11. Moreover, the so-called "Letter of Promulgation" specifies that the limits shown on the charts "are basically a determination with strict regard to the 1958 Geneva Convention". Therefore, at most, this document represented an interpretation of that Convention by the then Chief of the Malaysian navy for internal use, nothing more. As stated by the Arbitral Tribunal in the Eritrea/Yemen arbitration "internal memoranda do not necessarily represent the view or policy of any government, and may be no more than the personal view that one civil servant felt moved to express to another particular civil servant at that moment" (Award, Phase One, 9 October 1998, p. 28, para. 94).

12. This is more than enough to show that these documents lack any probative value with respect to Malaysia's putative claim of title.

13. As for the author of the letter ⎯ Rear-Admiral Thanabalasingham, as he now is ⎯ he makes the following observation in his affidavit which was filed as Annex 4 of Malaysia's Counter-Memorial: "As I examine this chart today [map 25 in Malaysia's atlas] and read the accompanying notes, 36 years after I issued the Letter of Promulgation, I am quite clear that, in 1968, we had no doubt that Pulau Batu Puteh (as well as Middle Rocks and South Ledge) were Malaysian territory."

14. In its Reply, Singapore responded to this statement, and recalled the similarity between this situation and the Court's ruling on a similar matter in the Nicaragua case. As in Nicaragua, the testimony of Rear-Admiral Thanabalasingham is simply the expression of an opinion, or, to borrow the words of the Court, the "mere personal and subjective evaluation of a possibility, which has yet to be shown to correspond to a fact". In other words, it is "not proof in itself", and ⎯ I would add ⎯ cannot replace contemporary evidence (Military and Paramilitary Activities in and against Nicaragua (Nicaragua v. United States of America), Merits, Judgment, I.C.J. Reports 1986, p. 42, para. 68). As held by the Court in the Congo v. Uganda case: "The Court will treat with caution evidentiary materials specially prepared for this case and also materials emanating from a single source." (Armed Activities on the Territory of the Congo (Democratic Republic of the Congo v.
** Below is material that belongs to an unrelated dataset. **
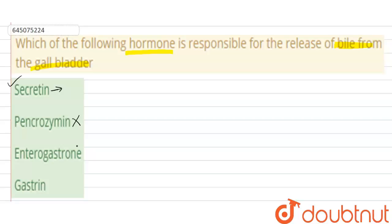The next option is enterogastron. Enterogastron is also secreted from the wall of the duodenum and it inhibits the secretion of gastric juice, but it does not stimulate the secretion of bile juice. So this is not the answer.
Uganda), Judgment, I.C.J. Reports 2005, p. 201, para. 61.)

15. This statement was also cited with approval by the Court in the Genocide case (Application of the Convention on the Prevention and Punishment of the Crime of Genocide (Bosnia and Herzegovina v. Yugoslavia), Judgment of 26 February 2007, para. 213).

16. In the present instance, the Rear-Admiral's statement is not only not contemporaneous, for it is rendered 36 years after the facts on which he testifies, it is also not supported by the contemporaneous factual context. As Singapore has shown, there is no evidence on the record that Malaysia ever expressed the intent to act as sovereign over Pedra Branca or that it ever carried out any acts of sovereignty on the island itself. Neither the 1968 Letter of Promulgation and its attached chartlets, nor Rear-Admiral Thanabalasingham's affidavit changes this picture.
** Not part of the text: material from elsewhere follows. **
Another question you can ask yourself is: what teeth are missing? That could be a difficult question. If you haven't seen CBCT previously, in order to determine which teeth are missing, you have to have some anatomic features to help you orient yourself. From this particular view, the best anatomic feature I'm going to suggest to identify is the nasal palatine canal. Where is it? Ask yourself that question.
2. The 1968 Petroleum Agreement between the Government of Malaysia and Continental Oil Company of Malaysia

17. Malaysia also relies on the grant of an offshore petroleum agreement on 16 April 1968 to the Continental Oil Company of Malaysia ("Continental") as evidence of Malaysia's so-called appreciation that the concession area encompassed Pedra Branca and, as such, constituted State conduct on the part of Malaysia which was made public and not protested by Singapore. I will respond to these allegations in turn. For ease of reference, the Members of the Court will find a copy of the agreement at tab 36 of the judges' folder.

18. The map which is now on the screen is a reproduction of map 37 of Malaysia's map atlas depicting the Continental licence area. This is also at tab 36 of the judges' folder. The first thing to note about this map is that it does not show Pedra Branca. This is not surprising, given that the Petroleum Agreement expressly excluded from the concession area islands and international boundaries "wherever they may be established" (MM, Ann. 110, p. 31; see, also, MM, p. 119, para. 274) [place relevant quote on screen]. As Singapore pointed out in its Counter-Memorial, it is obvious that this petroleum agreement was without prejudice to the question of boundaries and the sovereignty of islands located where no boundaries had been agreed.
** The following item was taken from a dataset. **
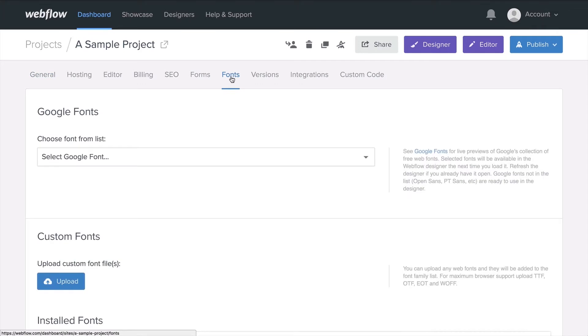From here, we can see all our options for bringing fonts into a project. We'll be looking at custom fonts, and we'll be using this upload button right here.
19. In its Reply, Malaysia accuses Singapore of failing to address the fact that the "area of uncertainty" south of the concession was "precisely defined" by one of the charts attached to the Letter of Promulgation I discussed earlier (RM, p. 168, para. 356). In other words, Malaysia is blaming Singapore for failing to interpret the 1968 Petroleum Agreement through a chart attached to a totally unrelated, and unpublished, internal Malaysian letter. However, there is no relation between the concession and the letter and there is no attempt on the part of Malaysia to show any other than through an artificial connection with the so-called "contemporaneous conduct of Malaysia" which is said to evidence Malaysia's "appreciation of sovereignty over this area". However, a claim to title requires more than vague presumptions. At the very minimum, Malaysia must show some actual exercise or display of State authority over Pedra Branca itself, and this it has not done.

20. It should also be noted that the co-ordinates of the concession were never made public, as Malaysia itself admits (RM, p. 169, para. 359), and no exploration was ever carried out on Pedra Branca or within its territorial waters. It is also significant that Malaysia's written pleadings ignored the fact, which was documented in Singapore's Counter-Memorial, that, only a few years after the agreement was signed, Continental relinquished a large portion of its concession including the whole area in the vicinity of Pedra Branca (CMS, Ann. 47). The result can be seen on the map appearing on the screen, which was produced by Singapore as Annex 47 of its Counter-Memorial and is also included at tab 36 of the judges' folder. In these circumstances, what was there for Singapore to protest?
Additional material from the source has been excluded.